If your company has a website, you should have email hosting included in your website hosting package. And if you don’t, then switch hosts! I can’t remember the last time I saw a hosting plan that charged extra for an email address or two. Most come standard with a bunch (20? 50?) with the option to buy more if you need them.

You’ll probably want {yourname} @ {yourdomain}.com as a minimum. But you can add things like sales@, or info@, or newsletter@: whatever makes sense for your business.

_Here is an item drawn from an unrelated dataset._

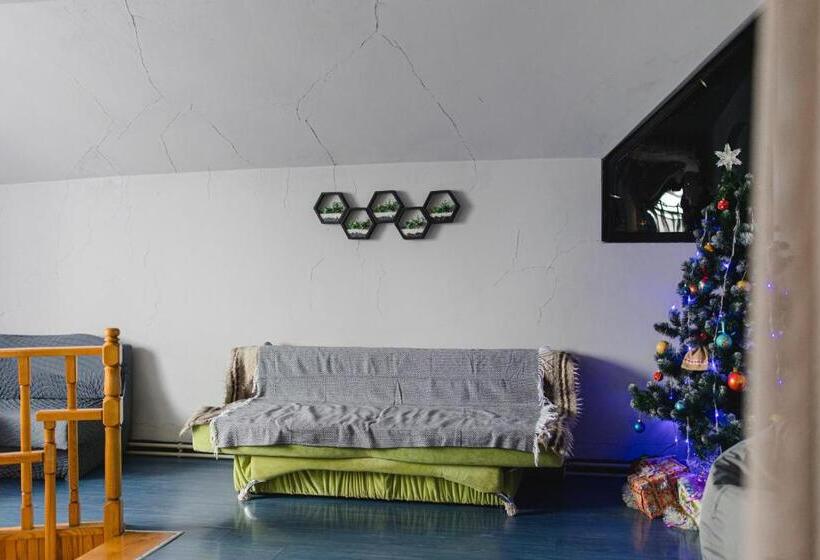 فندق Kolyba Opryshkiv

Yes, Google has really good spam protection on its email servers. Sometimes I hear people say that’s why they use a Gmail account. Again, your web hosting package SHOULD come with spam protection, although I do occasionally see the odd host charging extra for that. In my opinion, they shouldn’t, because running a good solid spam protection utility protects their servers as much as it protects your inboxes.

You can, if you want, use Google’s email servers to manage your domain-specific email addresses. It can get complicated to set up, so find a web person who can do that for you if you really want to go that route.

It’s far easier to log into your hosting control panel and manage whatever spam protection is available to you there. And you can add a desktop-level layer of protection the way I do with MailWasher.

One thing to remember about using Gmail is that you’re running your email through a cloud-based service over which you have no control. Google’s licensing policies say that you own all of your content and messages, but they can deliver ads to you based on the contents of those emails unless you specifically opt out. While they use automated systems to target those ads, to me it feels a little creepy to see advertising related to recent emails that have gone through my account.

So please. Use your Gmail address for your personal correspondence. But get a real email address, one associated with your company’s primary URL, for your business!